Lori-Ann Noble, Ph.D., Biochemistry, and Laurie A. Norman, Ph.D., Inorganic Chemistry, are Assistant Professors of Science and Mathematics at the Academy. Both women have also earned the Ph.D. of Girl Scouting – the Gold Award – the equivalent of Eagle Scout for males.

These young science teachers were excited when they learned that the Girl Scouts of Eastern Massachusetts were sponsoring a STEM (Science, Technology, Engineering, Math) event – Changing the World Through STEM; Teen Career Expo.  Two hundred and fifty girls, grades 6-12, signed up for a day of hands-on STEM based activities including guest speakers, from local colleges and universities and the corporate world. Lori and Laurie decided to volunteer to present a biochemical workshop on lactose and enzymes.
 
Each professor was attracted to the Academy because of the focus on hands-on learning. The STEM/Scout Expo also advocated this approach.
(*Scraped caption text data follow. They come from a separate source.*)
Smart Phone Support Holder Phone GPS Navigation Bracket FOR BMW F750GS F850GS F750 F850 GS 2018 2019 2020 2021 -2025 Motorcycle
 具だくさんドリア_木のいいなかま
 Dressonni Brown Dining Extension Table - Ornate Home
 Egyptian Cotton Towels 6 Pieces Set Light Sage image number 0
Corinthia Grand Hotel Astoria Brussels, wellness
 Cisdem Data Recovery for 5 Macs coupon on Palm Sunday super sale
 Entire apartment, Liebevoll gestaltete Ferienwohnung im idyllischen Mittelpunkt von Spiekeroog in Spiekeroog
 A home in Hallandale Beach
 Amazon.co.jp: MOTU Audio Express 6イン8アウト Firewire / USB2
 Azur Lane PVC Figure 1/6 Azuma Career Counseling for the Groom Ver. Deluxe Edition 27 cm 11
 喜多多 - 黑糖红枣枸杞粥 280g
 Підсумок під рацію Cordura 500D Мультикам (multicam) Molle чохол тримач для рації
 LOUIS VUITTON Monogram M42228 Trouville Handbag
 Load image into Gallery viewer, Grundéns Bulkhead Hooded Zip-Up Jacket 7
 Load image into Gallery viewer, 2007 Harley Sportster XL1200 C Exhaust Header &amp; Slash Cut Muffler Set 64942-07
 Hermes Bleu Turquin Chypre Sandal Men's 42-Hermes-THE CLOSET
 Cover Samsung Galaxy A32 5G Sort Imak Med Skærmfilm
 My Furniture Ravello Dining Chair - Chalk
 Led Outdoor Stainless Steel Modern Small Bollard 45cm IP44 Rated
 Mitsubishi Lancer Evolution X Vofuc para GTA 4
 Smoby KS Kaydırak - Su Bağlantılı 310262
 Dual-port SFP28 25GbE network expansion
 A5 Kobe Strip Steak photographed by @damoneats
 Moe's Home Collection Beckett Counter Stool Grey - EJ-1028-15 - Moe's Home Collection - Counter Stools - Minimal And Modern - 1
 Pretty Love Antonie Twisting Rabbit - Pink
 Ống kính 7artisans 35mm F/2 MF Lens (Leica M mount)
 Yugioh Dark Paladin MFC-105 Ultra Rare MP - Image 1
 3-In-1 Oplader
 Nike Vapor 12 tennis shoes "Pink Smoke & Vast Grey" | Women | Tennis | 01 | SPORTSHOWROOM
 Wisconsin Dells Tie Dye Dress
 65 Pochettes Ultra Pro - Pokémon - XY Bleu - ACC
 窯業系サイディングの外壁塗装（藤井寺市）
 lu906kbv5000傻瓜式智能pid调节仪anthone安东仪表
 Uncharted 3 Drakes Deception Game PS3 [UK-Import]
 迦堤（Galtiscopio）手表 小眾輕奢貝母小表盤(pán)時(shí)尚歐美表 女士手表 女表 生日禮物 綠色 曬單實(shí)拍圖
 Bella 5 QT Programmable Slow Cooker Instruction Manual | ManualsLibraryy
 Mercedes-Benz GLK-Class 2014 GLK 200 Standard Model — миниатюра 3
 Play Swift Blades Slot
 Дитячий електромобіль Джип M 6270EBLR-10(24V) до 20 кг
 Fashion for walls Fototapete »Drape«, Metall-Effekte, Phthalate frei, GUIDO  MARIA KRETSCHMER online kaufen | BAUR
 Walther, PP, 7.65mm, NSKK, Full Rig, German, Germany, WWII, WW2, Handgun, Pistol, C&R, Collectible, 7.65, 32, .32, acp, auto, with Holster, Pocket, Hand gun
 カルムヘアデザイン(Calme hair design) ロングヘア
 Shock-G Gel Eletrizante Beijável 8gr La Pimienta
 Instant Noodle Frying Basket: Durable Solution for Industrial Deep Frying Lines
Noble reports, “I was already familiar with the Academy because my husband Doug graduated in ’99 and my brother David Boulanger in ’02. I applied to teach and was hired shortly after finishing a three-year-long, postdoctoral position at Yale.  I volunteered for the Expo because it was a great opportunity to get young girls excited about science. I think MMA and Girl Scouts share a number of similar values and goals and I am glad to see they are partnering in events that encourage young women to succeed in non-traditional roles.”

Laurie Norman left the corporate world to teach. After moving from Connecticut to Massachusetts, she also applied to MMA and was hired.  “I absolutely love working here!  I am a true believer in the Academy’s unique mission of producing quality graduates through rigorous academics and a regimental lifestyle. Lori and I decided to contribute to the Girl Scout event, in part, because we had a lot of fun conducting a workshop for students of a similar age last spring at Bridgewater State University.  It was tremendous fun and we both look forward to doing it again in the future,” she declared!

Today’s Girl Scouts are not your mothers Girl Scouts. Rather than being known for cookies, crafts, and camping this new century of Girl Scouting puts teaching young women courage, confidence, and character first. Their motto, “Be prepared”, requires a scout to help out wherever she is needed – a lesson learned then and still lived now by this dynamic Academy duo.